# Milton's 1st Annual Sheepshead Tournament



## Castaway Bait (Jun 8, 2014)

Sorry for the late news but wanted everyone to know that we are having our 1st Annual Sheepshead Tournament! Starting Jan 1st - Feb 28th 2015.
Visit our Facebook Page for more details and rules.
https://www.facebook.com/castaway.bait.tackle?ref=hl

It is a little different, fish can be Caught By: Rod& Reel, Gig, or Bow fishing.
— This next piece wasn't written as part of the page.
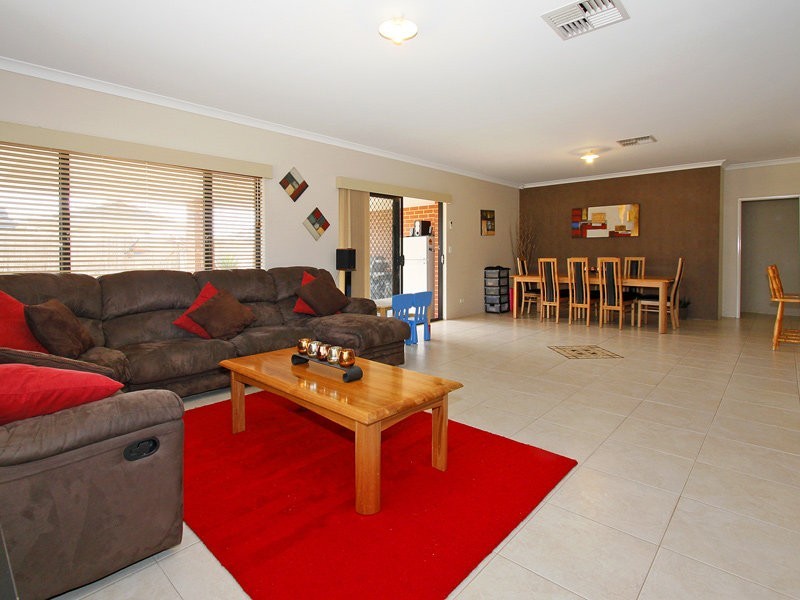 22 Leichhardt Cross, Hammond Park WA 6164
This is the first Saltwater Tournament For Milton, Hoping for a Great Turn Out For Further Tournaments in the Future!!

Thanks For Reading!!!

Castaway Bait & Tackle
3689 Avalon Blvd
Milton, FL 32583


----------



## CatHunter (Dec 31, 2008)

If it was just Rod n Reel id be in


----------



## Castaway Bait (Jun 8, 2014)

As of Today No Fish Has been Weighed!! Several are Entered in the tournament


----------



## Castaway Bait (Jun 8, 2014)

you can keep up with the tournament on our facebook page
https://www.facebook.com/castaway.bait.tackle?ref=hl

1st Place Fish on 1/18/15 is 6.6 LBS!!!!


----------